*Source data*:
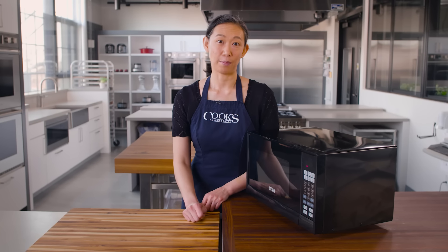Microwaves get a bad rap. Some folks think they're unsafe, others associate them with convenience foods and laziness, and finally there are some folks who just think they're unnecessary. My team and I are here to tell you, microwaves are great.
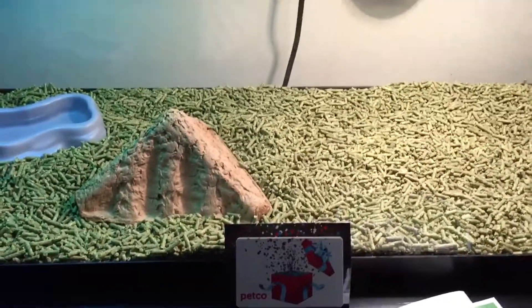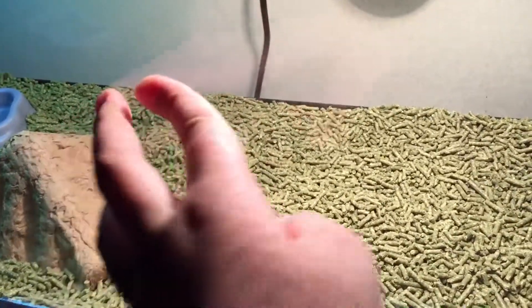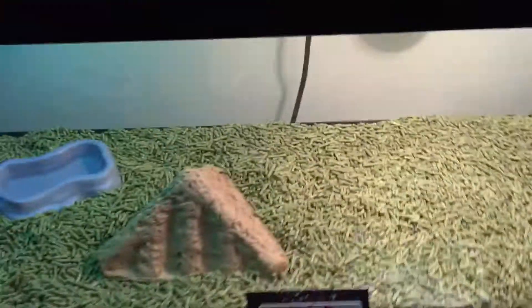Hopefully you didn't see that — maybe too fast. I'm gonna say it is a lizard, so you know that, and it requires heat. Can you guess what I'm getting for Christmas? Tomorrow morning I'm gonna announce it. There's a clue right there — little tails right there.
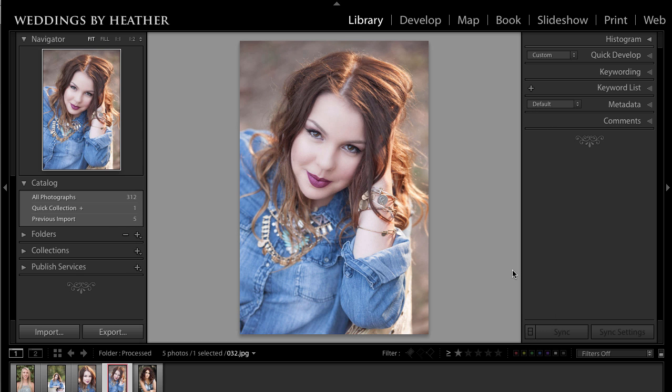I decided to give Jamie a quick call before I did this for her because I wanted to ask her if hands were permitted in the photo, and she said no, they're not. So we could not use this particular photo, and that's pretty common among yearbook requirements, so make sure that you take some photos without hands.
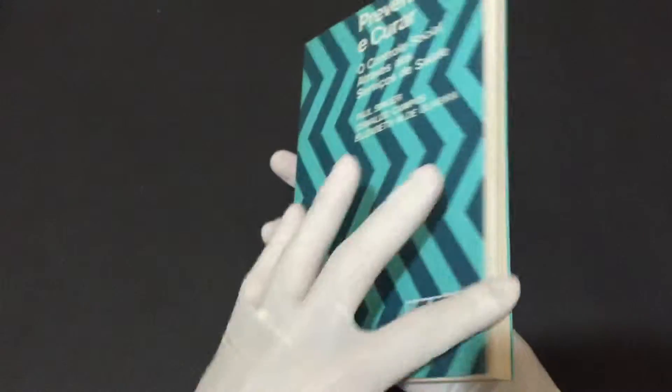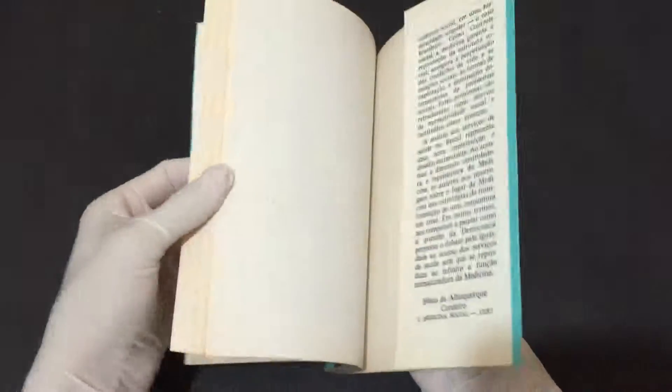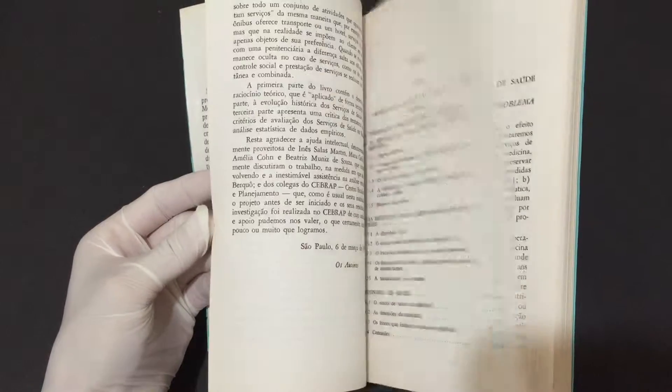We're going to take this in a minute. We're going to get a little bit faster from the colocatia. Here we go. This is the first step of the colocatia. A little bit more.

*What this task involves*:
Repeat the material verbatim but without any of its pictures.

*Response area*:
Microwaves get a bad rap. Some folks think they're unsafe, others associate them with convenience foods and laziness, and finally there are some folks who just think they're unnecessary. My team and I are here to tell you, microwaves are great.
Hopefully you didn't see that — maybe too fast. I'm gonna say it is a lizard, so you know that, and it requires heat. Can you guess what I'm getting for Christmas? Tomorrow morning I'm gonna announce it. There's a clue right there — little tails right there.
I decided to give Jamie a quick call before I did this for her because I wanted to ask her if hands were permitted in the photo, and she said no, they're not. So we could not use this particular photo, and that's pretty common among yearbook requirements, so make sure that you take some photos without hands.
We're going to take this in a minute. We're going to get a little bit faster from the colocatia. Here we go. This is the first step of the colocatia. A little bit more.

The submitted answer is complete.